Exercise description:
Return only that part of the material below which starts with the line containing "Alpacas: OnePlus 9 Transparant Hoesje met koord Alpacas: OnePlus" and goes on through the line containing "Midcentury Modern Sofa", restated exactly.

Source records:
══════════

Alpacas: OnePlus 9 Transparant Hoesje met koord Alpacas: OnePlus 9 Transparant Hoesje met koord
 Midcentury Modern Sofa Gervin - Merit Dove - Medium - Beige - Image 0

══════════

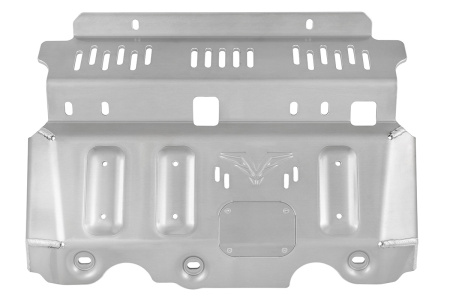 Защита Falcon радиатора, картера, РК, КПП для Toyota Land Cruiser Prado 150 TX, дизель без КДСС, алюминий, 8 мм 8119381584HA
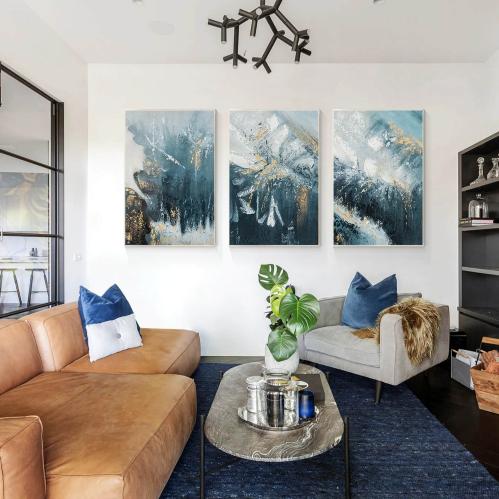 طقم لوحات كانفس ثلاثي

══════════

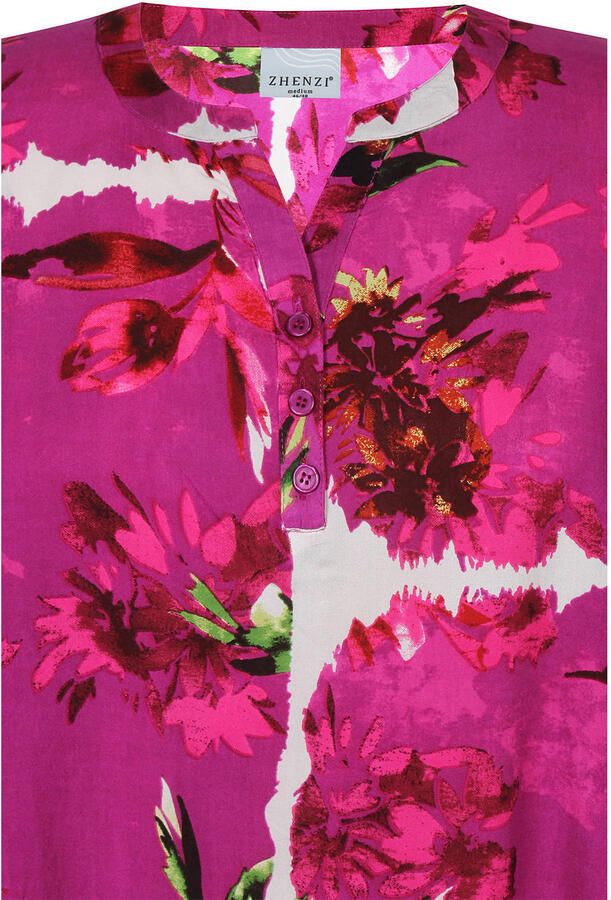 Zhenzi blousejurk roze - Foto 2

══════════

Exercise output:
Alpacas: OnePlus 9 Transparant Hoesje met koord Alpacas: OnePlus 9 Transparant Hoesje met koord
 Midcentury Modern Sofa Gervin - Merit Dove - Medium - Beige - Image 0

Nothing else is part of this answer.